①TAC スッキリわかる日商簿記2級(工業簿記)・・・80点

 例えがわかりやすいのですが、載っていない論点も結構あったと思います。重要論点に絞った感じでした。

②TAC簿記の教科書日商2級(商業簿記)・・・100点

 手書き風文字で書かれている「モヤモヤ解消」のコメントがとても良かったです。ページ構成の雰囲気が私に合っていました。女子のノートぽい感じです。

③TAC合格するための過去問題集・・・90点

 最新の問題も載っていましたし、解説も丁寧でした。でも解説の文章が固い…ので合わせて簿記検定ナビさんの過去問分析を読むとより一層効果的ですね。

④TAC日商簿記2級 網羅型完全予想問題集・・・95点

 過去問を少しひねった感じでした。実力がついたと思います。形式も本試験形式で使いやすいかな。解説はやっぱり固い…。私は使いませんでしたが、ネットで下書きの書き方をダウンロードできるサービスがあったようです。価格はお得感ありました。オススメです。
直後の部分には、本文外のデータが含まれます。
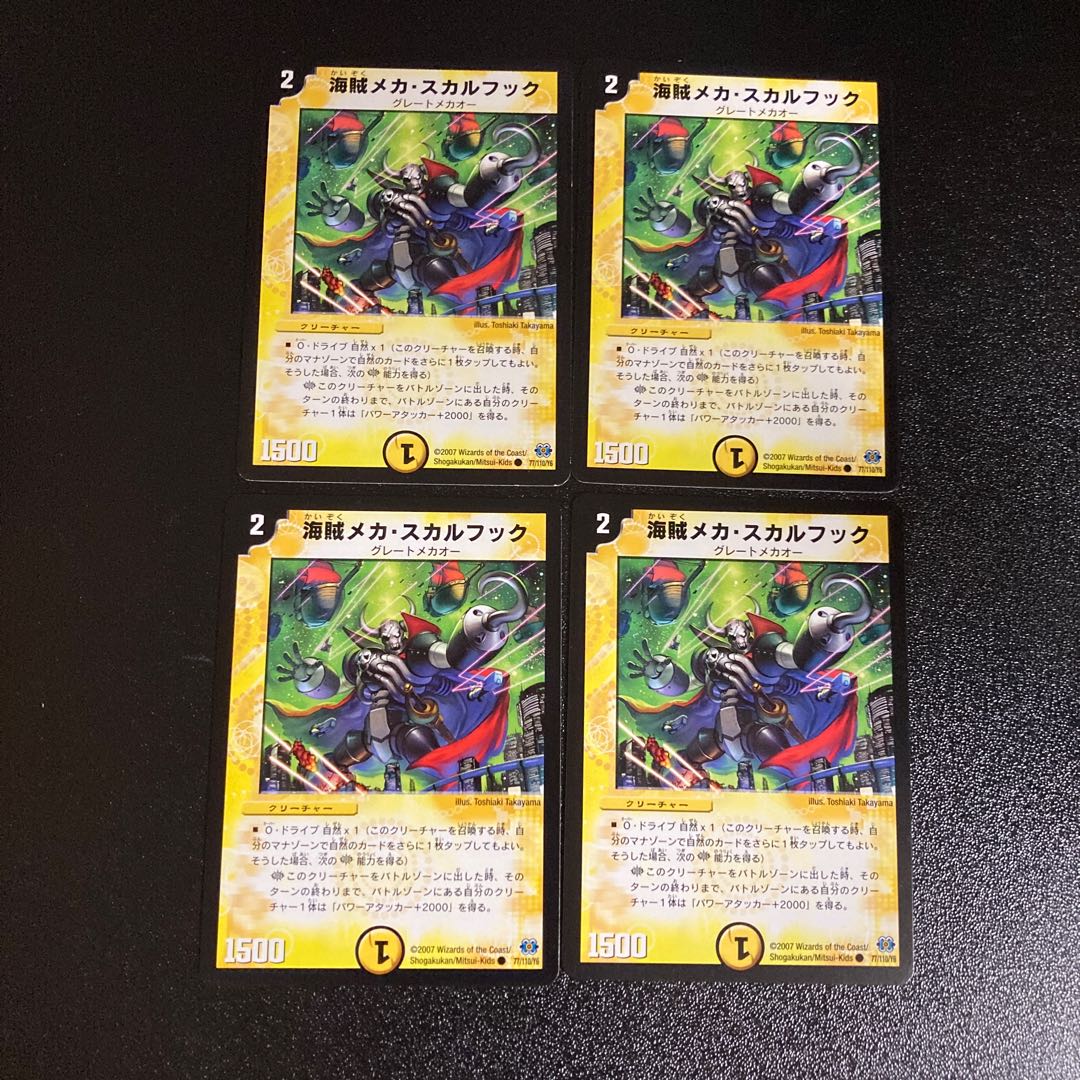 DM Umi Pirate Mecha Skull Hook Common, set of 4 5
 チーズさんの得意な論点と苦手な論点を教えてください。また、苦手な論点を克服するためにどのような勉強をされましたか?
 得意な論点は精算表です。仕訳は頭で切って、修正欄に直接記入していましたので短時間で解答できるようになりました。まあ仕訳はだいたいパターン決まってますしね。

 苦手な論点は本支店会計です。簿記検定ナビさんの下書きを参考に少し自分なりのアレンジを加えて、毎回下書きを調整していくうちに、しっくりくるものが出来ました。下書きの定型化が重要だといわれるのがよく分かりました。それと、とにかく問題を解きまくる!事につきました。

 チーズさんの、勉強期間中のモチベーションの維持方法を教えて下さい。
 意地ですね。年齢に負けないぞ!の意気込みでした。それと、こんなしんどい勉強を長々やってられない、絶対3ヶ月以上無理だ!の一心ですね。時間のやりくりをしながらの勉強ですから、集中してやりました。

 あとは受験を勧めてくれた方が同世代で、難易度の高い中小企業診断士の勉強をされていたので、影響されたところもあります。もちろん簿記ナビさんの合格体験記も全部読みました。合格へのイメージって大切ですよね。

管理人コメント

 チーズさん、合格体験記のご投稿ありがとうございました!

 まず教材選びについてですが、チーズさんも「使用した教材と電卓」のところで書いていただいているように、実際に手にとって色々と見比べて決めることをおすすめします。

 「ネット上で評判が良い=必ず自分に合う」とは限らないので、可能な限り書店等で中身を比較して、自分に一番しっくりくるものを選んでいただければと思います。TACやネットスクールの教材であればまず問題はありません。

 あとは、過去問を解く際に気をつけたこととして「必ず時間をはかる事と前回より下書きを減らす事、より間違いにくい下書きや解答用紙の記入方法がないか試してみる事」と書いていただきましたが、これもぜひ見習ってください。

 なんとなく惰性で問題を解いても力はつきません。チーズさんのように1問1問を大事にして、常に目的意識を持って取り組むようにしてください。

 最後に、過去問については「過去問では変化球問題に対応できないという意見もありますが、私はやはり必要ではないかと思います。」と書いていただきましたが、個人的には変化球問題は出ても1問。残りの4問は過去問類似問題なので、過去問対策をきちんとやっていれば変化球問題が0点でも合格できる、と考えています。

 昔も今も過去問対策は重要なので、きちんと対策しておいてください。